Excel with Microsoft 365 has a PDF connector which enables us to extract data from PDF files. The beauty of this method is that the extracted data will automatically update for the changes in the source data.
Let’s see how to extract the Tables in a PDF file using Power Query in Excel. Following is a 3 page PDF file which contains a fair amount of literature and 3 Tables containing data.
To extract the data tables from the PDF file shown above,
Create a New Excel Workbook > go to the Data tab of the Excel Ribbon > Get data > From file > From PDF
Import Data dialog is activated.
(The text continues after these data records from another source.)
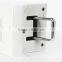 Refillable wall mounted hospital hand sanitizer dispenser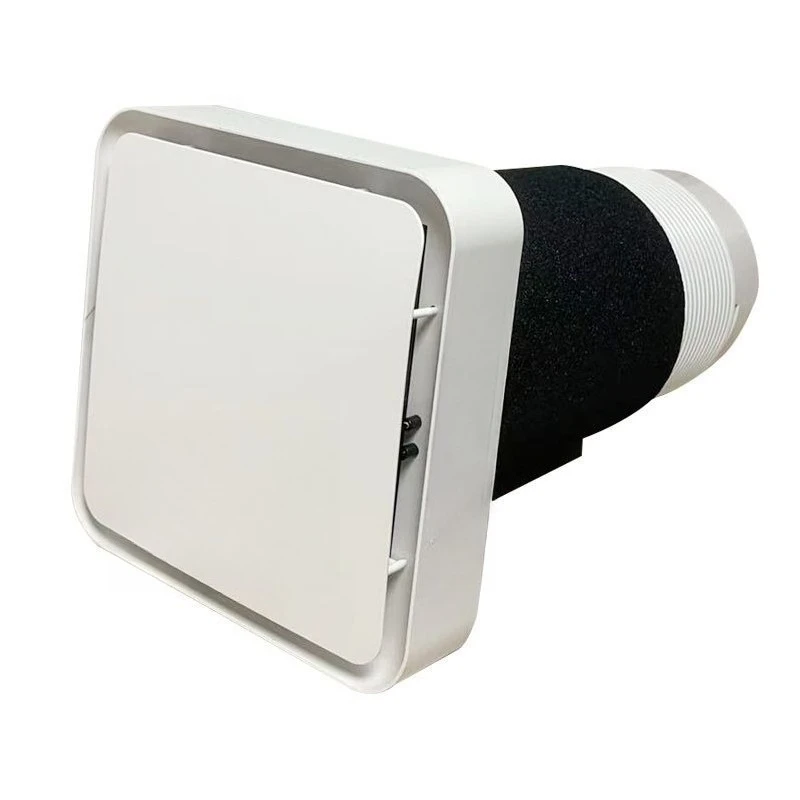 

Haze removal fresh air fan wall mounted household timed air inlet and outlet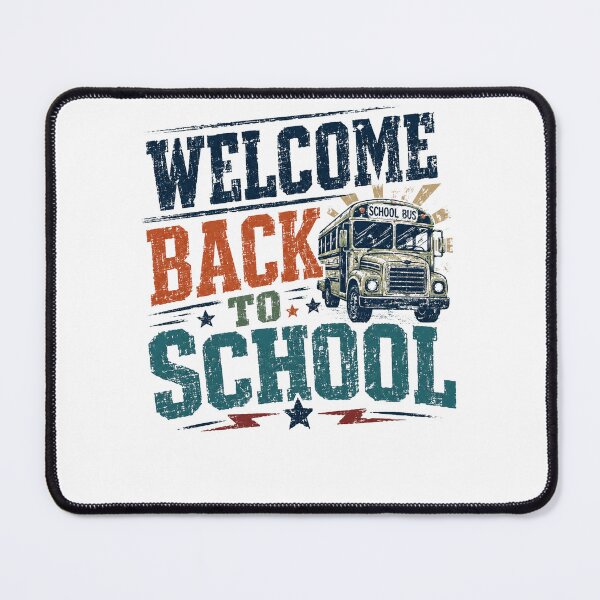 Item preview, Welcome Back To School Students Teachers Parents Education designed and sold by RetroMini2026.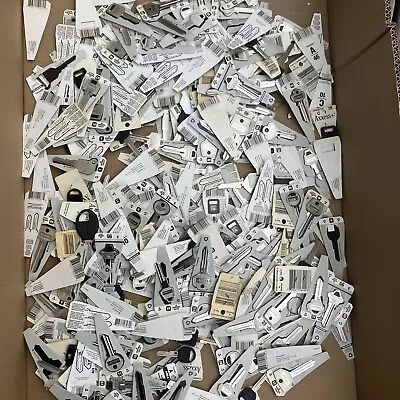 $127.77 • Buy 9LB Lot Of Misc Key Blanks HOUSE, CAR,etc Hillman Axxess BULK Dealers Wholsale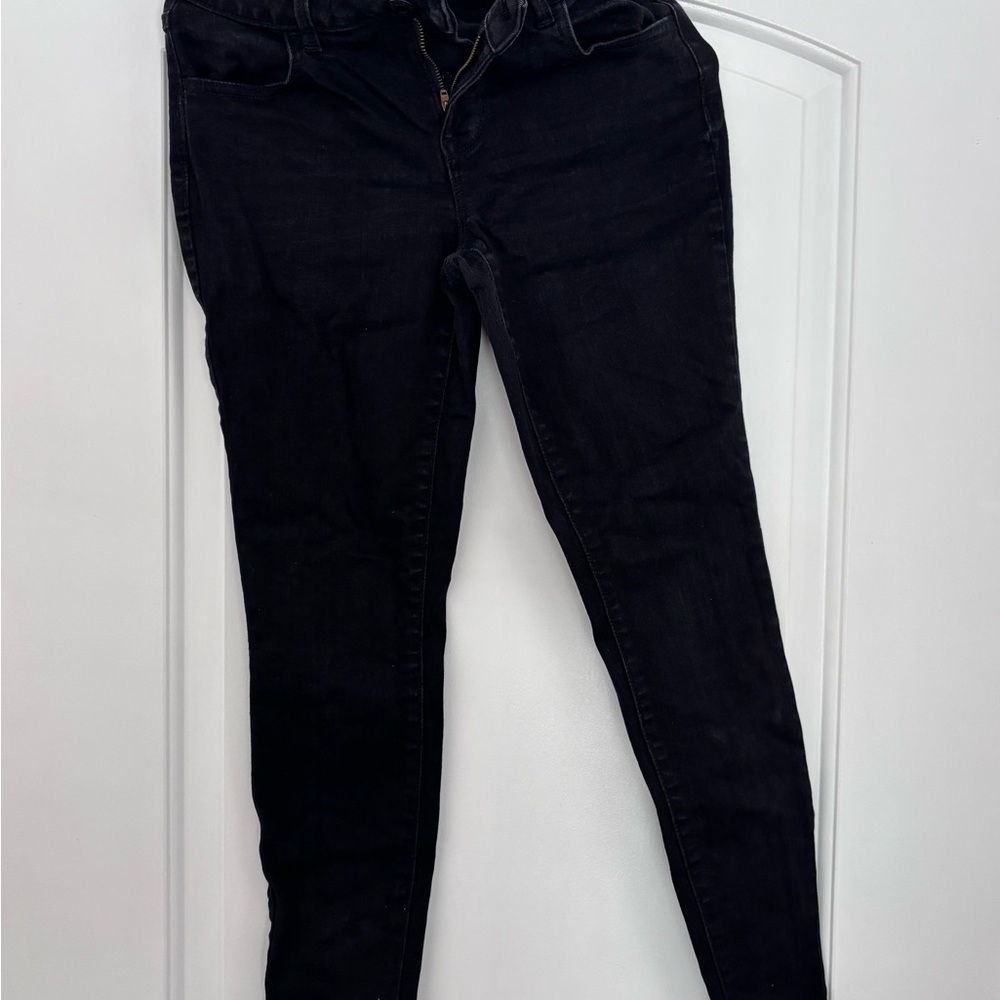 Maurices Women's Black Skinny Jeans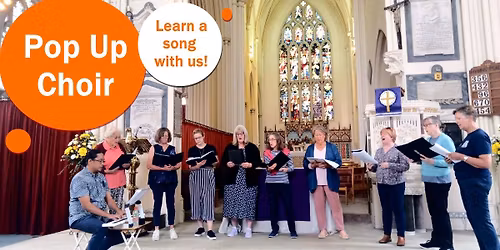 Pop Up Choir with Mitcham Community Choir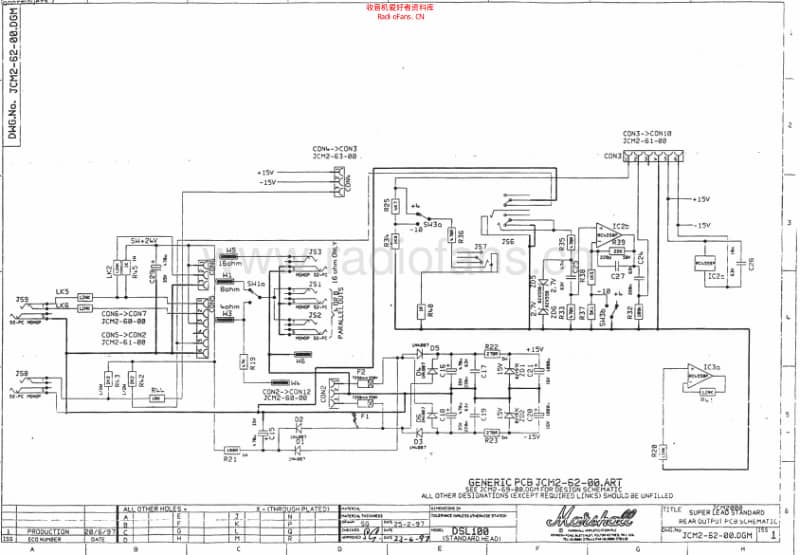 Marshall_jcm2000_100w_dsl100 电路图 维修原理图.pdf_第3页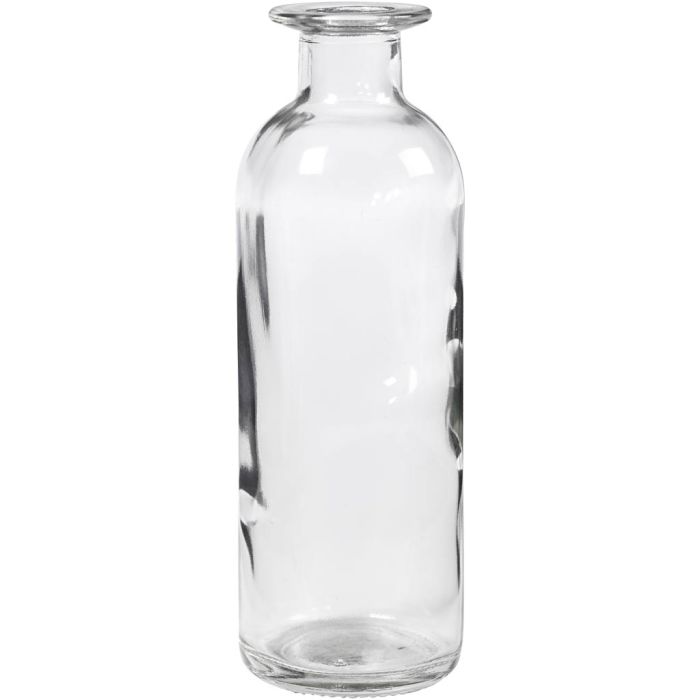 Bouteille, H : 16 cm, d 5,5 cm, 235 ml, 6 pièces/ 1 Pq.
Use this dialog to select the PDF file.
Another dialog called Navigator is activated with the list of ‘Tables’ and ‘Pages’ in it. Click on an object for its preview.
Here, I have selected Table no. 2 on the second page of the PDF file and on the right side we have its preview.
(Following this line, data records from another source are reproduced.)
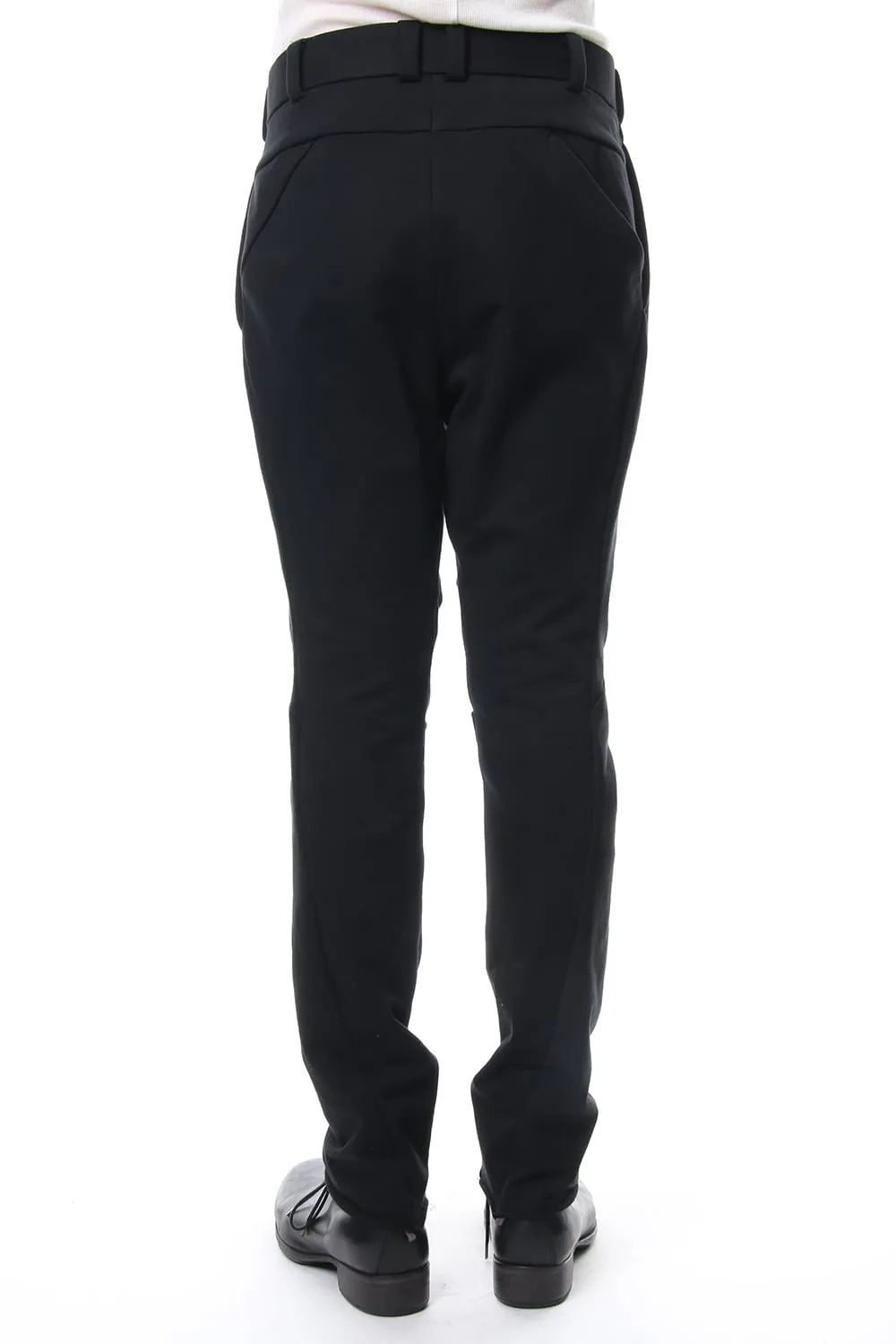 Jodhpurs Pants Cotton Stretch Jersey
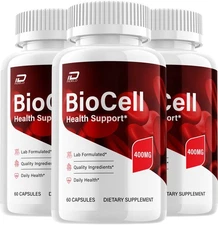 (3 Pack) Bio Cell Capsules – BioCell Natural Blend Glycogen Support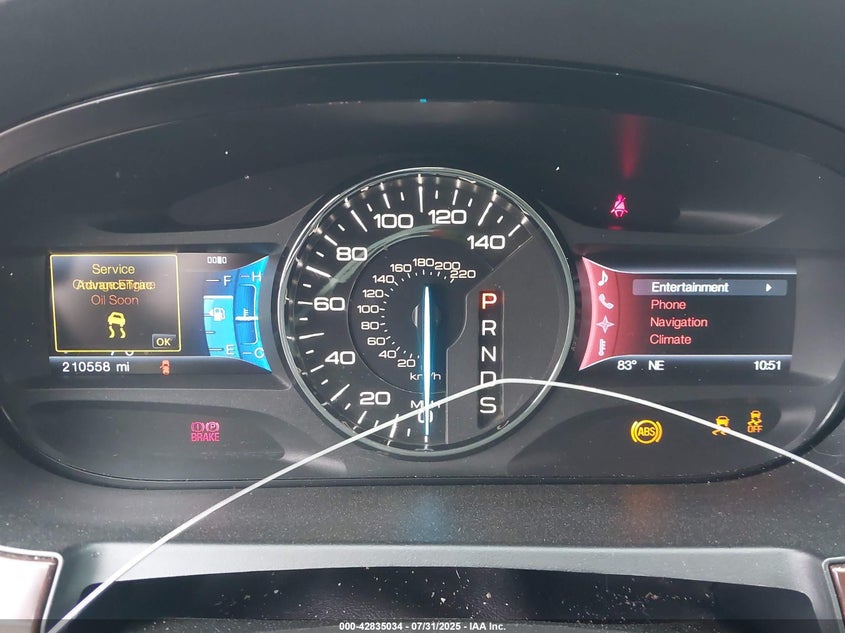 2FMDK4KC6DBC22892 2013 FORD EDGE photo no. 7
At the bottom portion of the Navigator dialog, there are two options called Load and Transform Data.
‘Load’ will load the selected items into different Excel Worksheets. To enable multiple selection, mark the checkbox called ‘Select multiple items‘.
But if you want to make changes in the data before loading it into a worksheet, click on ‘Transform Data’.
Here, I have selected 3 Tables and will go for the Transform Data option.
All 3 Tables are loaded into the Power Query Editor of Excel.
Before loading these Tables into the Excel Worksheets, I will make some changes in the second table.
1. Will remove the column containing Year
2. Convert the name of the directors into Upper Case
Right-click on the column header of the column to be removed (Year), select Remove.
Right-click on the column header of the column called Director > Transform > UPPERCASE
Now, to load these 3 tables into Worksheets, go to the Home tab of the Power Query Editor > click on Close & Load
Tables are loaded into 3 different worksheets. On the task pane called Queries & Connections you can see the number of records in each Table.
As I mentioned earlier, the extracted data will automatically update for the changes in the source data.
In the PDF file used here, the first table has 23 records, second table has 8 records and the third table has 24 records.
I will now replace this PDF file with an updated version, which contains tables with more records.
Table 1 – 25 records, Table 2 – 10 records and Table 3 – 30 records
While replacing, make sure that the files are having the same name.
After replacing the file, go to the Data tab of the Excel ribbon and click on Refresh All.
The output tables in the worksheets will be updated accordingly. In the current worksheet, you can see that 2 more rows have been added.
Details on all tables are displayed on the Queries & Connections task pane.